Sometimes I feel like it’s being rubbed in my face that I don’t have a baby to hold, or that I’m not pregnant. While in the grocery store today the lady in line behind me took a phone call from someone who was telling her all about a baby that was just born moments before.  I came home and got on the internet and my homepage was full of news about freaking Kim Kardashian having her baby and the Kate (princess/duchess, whatever she is) going on maternity leave.  Some days you simply cannot avoid the reminders and it’s like they are being rubbed in your face! UGH!  Frustrating day!  

Just a moment

I came across this quote today and it touched me.  
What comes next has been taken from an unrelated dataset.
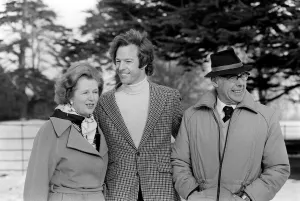 Mark Thatcher with parents Margaret and Denis after he had been rescued following his Mark Thatcher with parents Margaret and Denis after he had been rescued following his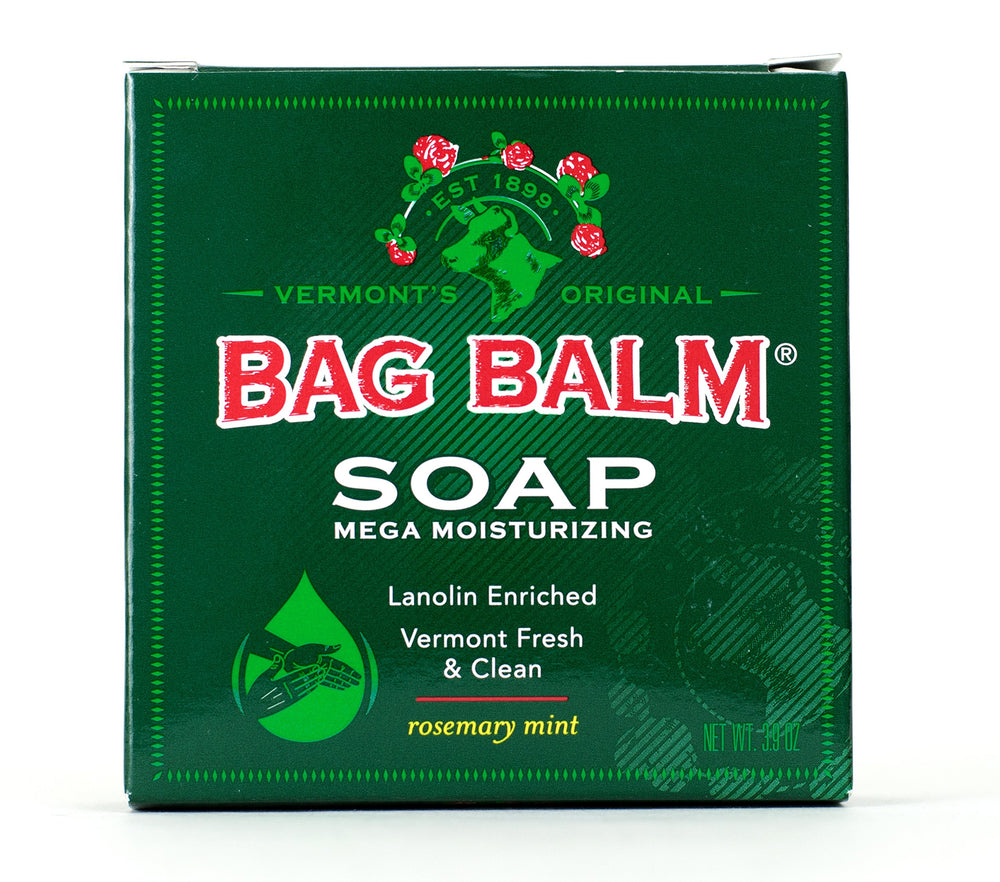 Bag Balm Vermont Mega Moisturising Soap 12-pack display for long-lasting hydration.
“A life may last just for a moment, but memory can make that moment last forever.” author unknown.

I don’t know if I can put into words how true this is, but I’ll try.  Lauren’s life was 22 minutes long.  So brief.  She never cried, never opened her eyes, never did any of the things you wait for your baby to do as a sign they are ok.  In a way, her short life was a blur because of everything else that was going on with me at the time because of the preeclampsia and c-section.  But in another way, the moments she was alive are crystal clear.  Just a few moments.  My husband and I will forever remember and cherish those short moments.  It is a memory that we wouldn’t trade for all the money in the world.  Its one we hold on to and relive often through thought and conversation.  We are remembering that moment, making it last forever, because it is all we have.  We have to do that for ourselves and for Lauren.  

The 4th

Yesterday, June 4th, marked 10 months since we said hello and goodbye to Lauren.  10 months.  It doesn’t seem possible that we’ve been missing her for that long.  But believe me, every hour of those 10 months have been filled with missing, wondering, and longing.  We miss her so badly.  Every time the 4th of each month comes around we start to think about how old she’d be and what she would be like. We wonder what she’d be like. She’d be 10 months old, crawling now.  But instead we miss her.  We wonder what she’d look like, which baby foods she’d like and which ones she’d hate.  We wonder if she’d be a vocal 10 month old, full of giggles and baby talk.  We think about all of these things.  But we also think about the future that we won’t get to share with her.  Going to school, visits from the tooth fairy, crushes, driving, prom, college, a wedding, and even becoming grandparents.  These things are the things that we immediately started dreaming about the moment we found out we were pregnant with her.  So here we are 10 months after losing her, never to dream with her about a future.  I guess every 4th from here on out will always be filled with that missing and wondering.  The 4th will always be Lauren’s day.